REQUIREMENT.
Please retype every entry as written, and keep the pictures out.
------------------------
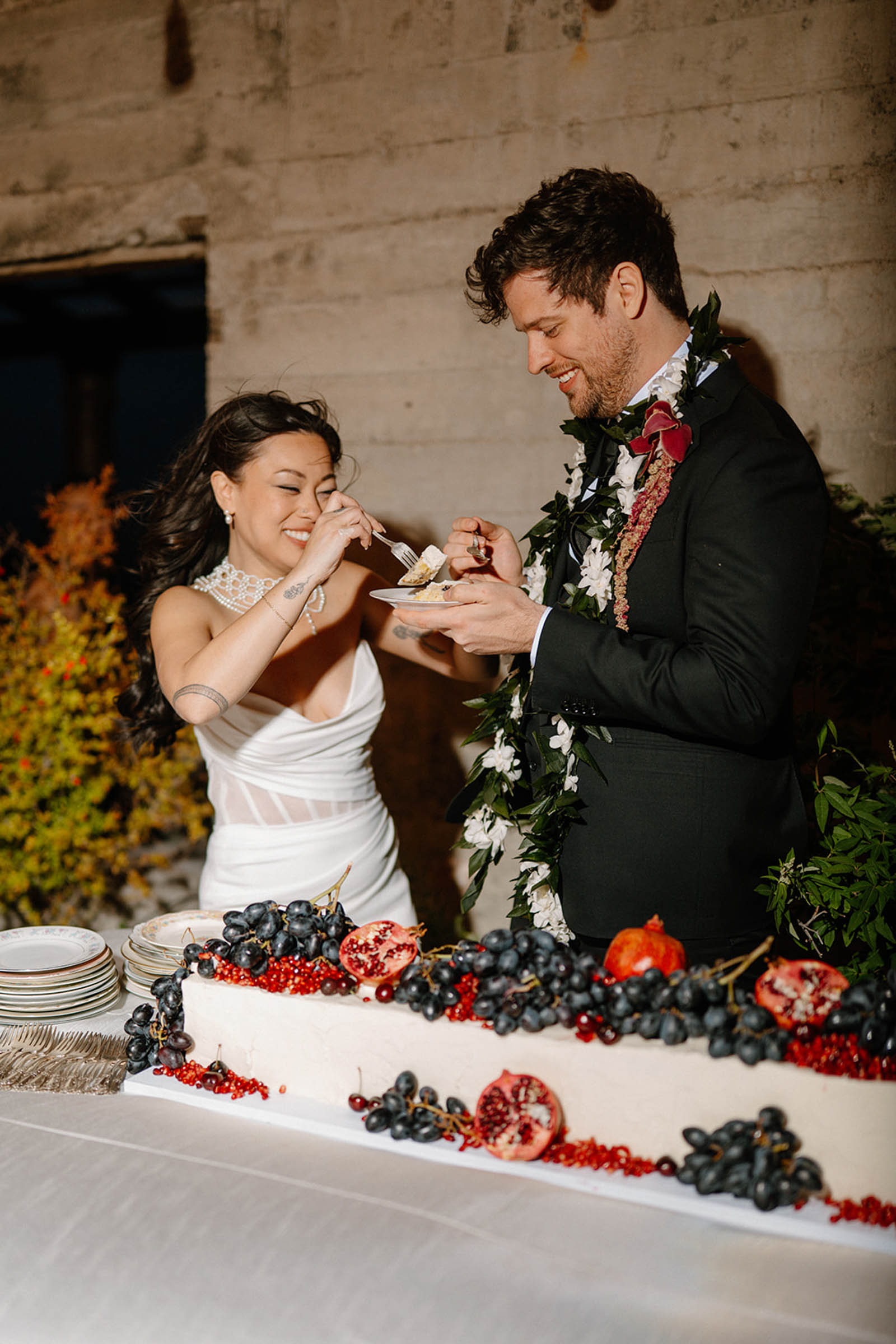 Long white wedding cake decorated with grapes and pomegranate fruits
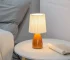 Milkshake bedside table lamp with warm LED light on a nightstand in a cozy bedroom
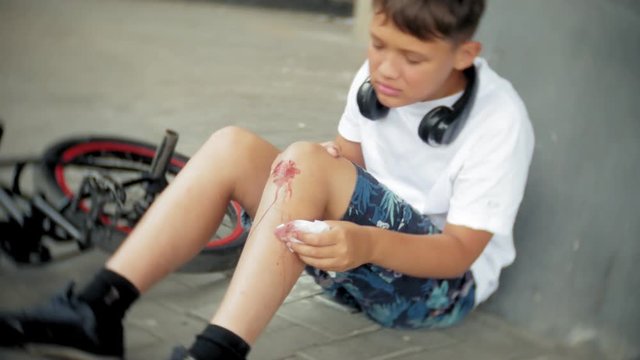 A young boy sits in a park after falling from a bike, calms the pain in his knee, is a dangerous bike ride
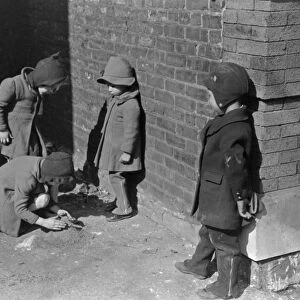 CHICAGO: CHILDREN, 1941. Black and white children playing together on the street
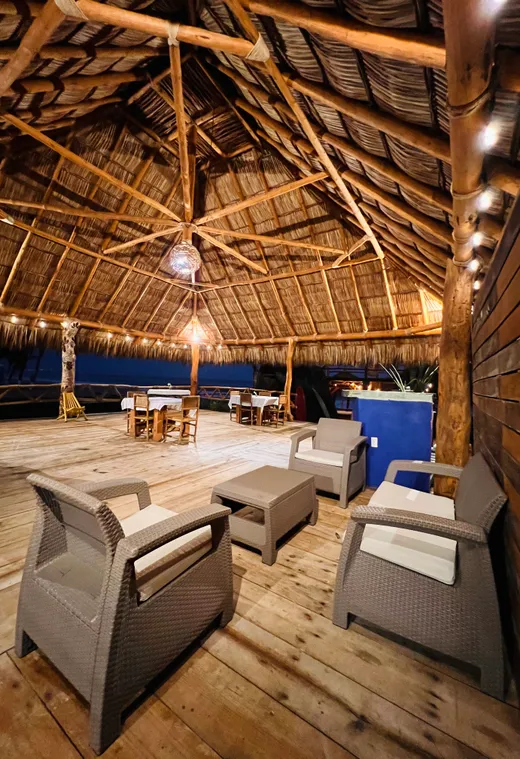 Sala y comedor bajo palapa de noche
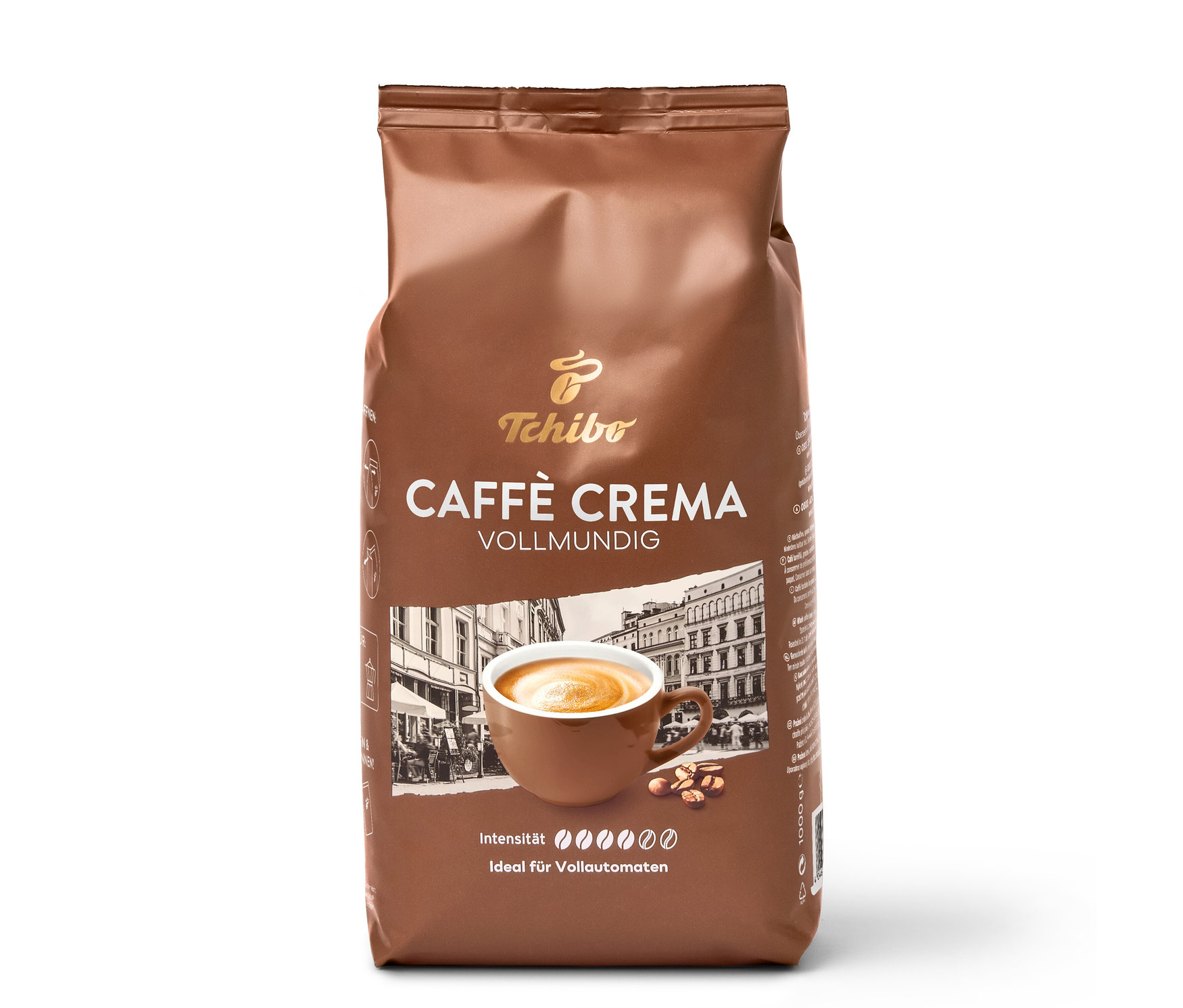 Braune Packung Tchibo Caffè Crema Vollmundig 1 kg Ganze Bohne mit Kaffeetasse, Bohnen und Stadtmotiv. Intensität 4/6, ideal für Vollautomaten.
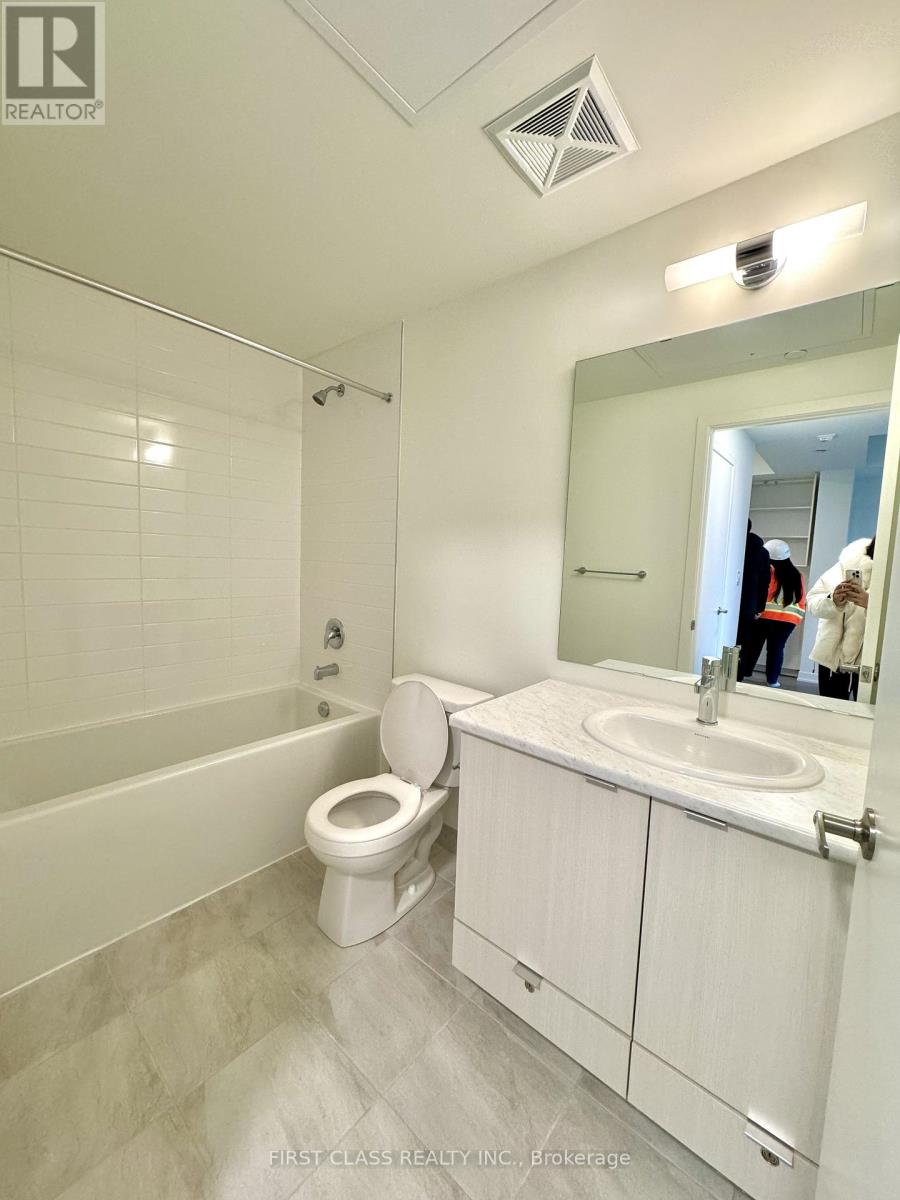 A white bathroom with a toilet, sink, and mirror.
------------------------
ANSWER TO THE EXERCISE.
 Long white wedding cake decorated with grapes and pomegranate fruits
 Milkshake bedside table lamp with warm LED light on a nightstand in a cozy bedroom
 A young boy sits in a park after falling from a bike, calms the pain in his knee, is a dangerous bike ride
 CHICAGO: CHILDREN, 1941. Black and white children playing together on the street
 Sala y comedor bajo palapa de noche
 Braune Packung Tchibo Caffè Crema Vollmundig 1 kg Ganze Bohne mit Kaffeetasse, Bohnen und Stadtmotiv. Intensität 4/6, ideal für Vollautomaten.
 A white bathroom with a toilet, sink, and mirror.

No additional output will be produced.